Alien 3 Movie Review
Alien 3 Review

"Alien 3" Overview

Rating: R
1992
Cast and Crew
Director : David FincherProducer : Gordon Carroll,David Giler,Walter Hill
Screenwiter : Larry Ferguson,David Giler,Walter Hill
Starring : Sigourney Weaver,Charles Dutton,Charles Dance,Paul McGann,Brian Glover,Ralph Brown,Danny Webb,Lance Henriksen
Since Alien and its sequel Aliens received universal praise, Fox just had to
make a trilogy (which later became a quadrilogy). Trilogies (and especially
quadrilogies) can pose some risk since a premise can lose its edge and outlast
its welcome. Ironically, Alien 3 doesn’t suffer from the trilogy syndrome as
much as it suffers simply from bad writing.
Alien 3 continues with the series tradition, beginning exactly where Aliens
concluded. When we left Lt. Ripley (Sigourney Weaver), the android Bishop
(Lance Henriksen), Cpt. Hicks (Michael Biehn), and Ripley’s surrogate daughter
Newt (Danielle Edmond), they managed to destroy the creature, board a
spacecraft, set course for Earth, and fall into deep sleep. Unfortunately,
another alien has found its way onboard with them.

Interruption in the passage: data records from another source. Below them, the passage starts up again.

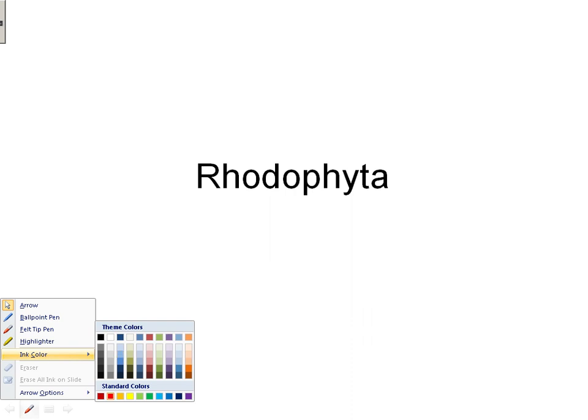Rhodophyta, our new group: the red algae. Amazing organisms with amazingly complex life cycles, but not yet the most complex we're going to see. We're going to spend a good deal of time getting you used to these life cycles so that you can understand them well.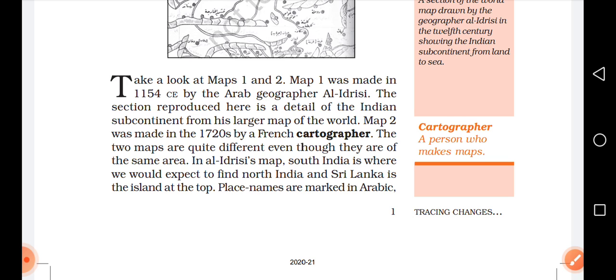Map 2 was made in the 1720s by a French cartographer. The two maps are quite different even though they are of the same area. In Al Idrissi's map, South India is where we would expect to find North India, and Sri Lanka is the island at the top. Place names are marked in Arabic.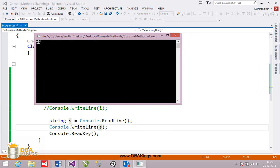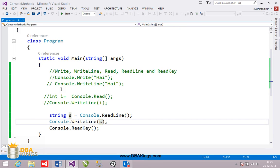So, readline and read are used to take input with different return types, while write and writeline are used to print messages on the output screen. Write and read keep the cursor on the same line, while writeline and readline move the cursor to the next line. Readkey helps you see the output without the console closing immediately. That's it — these are the five methods. Thank you.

The alien kills Newt and Hicks before crash landing on a wasteland inhabited by
former inmates of the planet’s maximum-security prisons. Once revived, Ripley
is devastated to learn that her crewmembers did not survive. But she doesn’t
have much time to mourn, because mutilated bodies begin to mount. Ripley
immediately fears that an alien boarded her spacecraft, caused the crash, and
is now wreaking havoc inside the prison. Without weapons or technology, Ripley
and the inmates must destroy the vicious alien using basic tools and their own
bare hands. To complicate matters, Ripley discovers the new queen alien is
living inside of her.
Although Fight Club director David Fincher, in his feature-film directorial
debut, reportedly disowned the film and left production before editing began
(citing studio interference), his direction is visually stimulating, especially
during several entertaining and disorientating camera effects late in the film.
He also includes more blood and gore (which the first two films lacked) to make
the creature attacks more memorable. The atmosphere is also appropriately dark,
dreary, and eerily quiet at times.
The problem lies within the weak storyline. Three writers composed the
screenplay. They do not give Ripley as much depth as she had in previous films.

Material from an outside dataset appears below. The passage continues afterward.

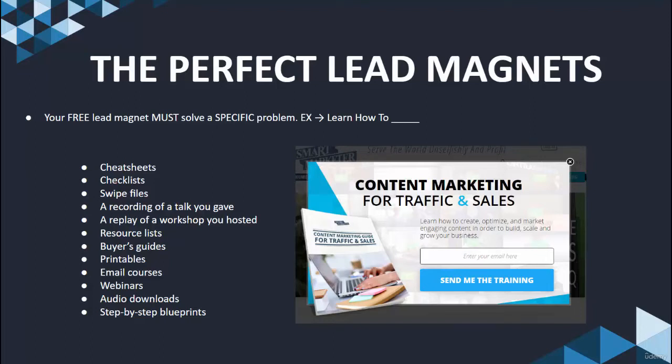Something of high value that your prospect wants — they want to learn, they want to learn how to — and that you can really position as being highly, extremely valuable. So all you have to do is position it in a way for them to simply submit their information, their email, their contact information, and then they're going to get this right away.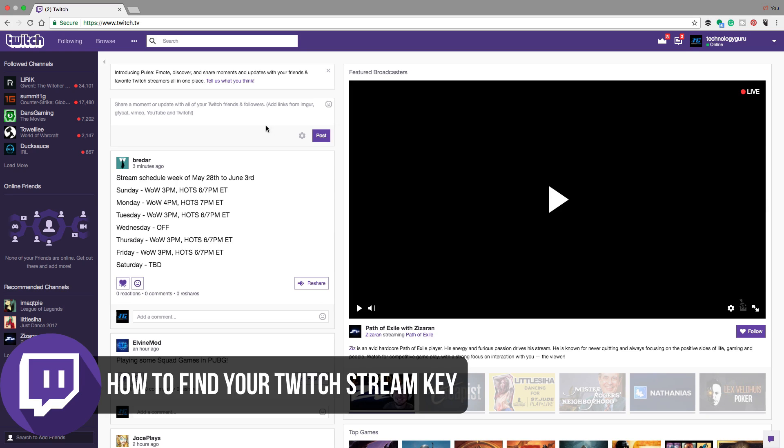So in order to stream on Twitch, you have to have a streaming key to provide to OBS or whatever software you're utilizing to stream to Twitch.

Eliminating Newt and Hicks, critical characters in Aliens, forces the writers
to start from scratch in her emotional development, and they do not achieve the
empathy that the previous movies developed. They also leave huge holes in the
plot: characters do things that don’t make sense within the context of the
story (after the alien is captured, a crazed inmate released it), and key
characters die before they can fulfill their purpose (Ripley sleeps with a
doctor only for him to be killed minutes later). Yet the script still packs
some punch as it brings a few engaging ideas into the series, and it isn’t
nearly as lackluster as the final installment, Alien: Resurrection.

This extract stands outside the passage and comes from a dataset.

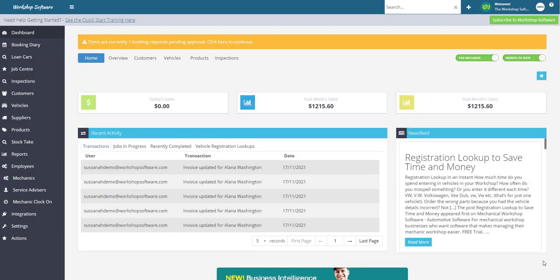Hi, in this video today we're going to go through how to hide the unit cost column on the workshop software screen when you're working on an invoice.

The Alien 3 disk includes a director’s cut that features 30 minutes of
never-before-seen footage (which, for the most part, is not as beneficial to
the story as the deleted material in Aliens), 11 intriguing featurettes,
storyboard achieves, and commentary by the cinematographer, editor, VFX
designers, visual effects producer, and actors Paul McGann and Lance Henriksen.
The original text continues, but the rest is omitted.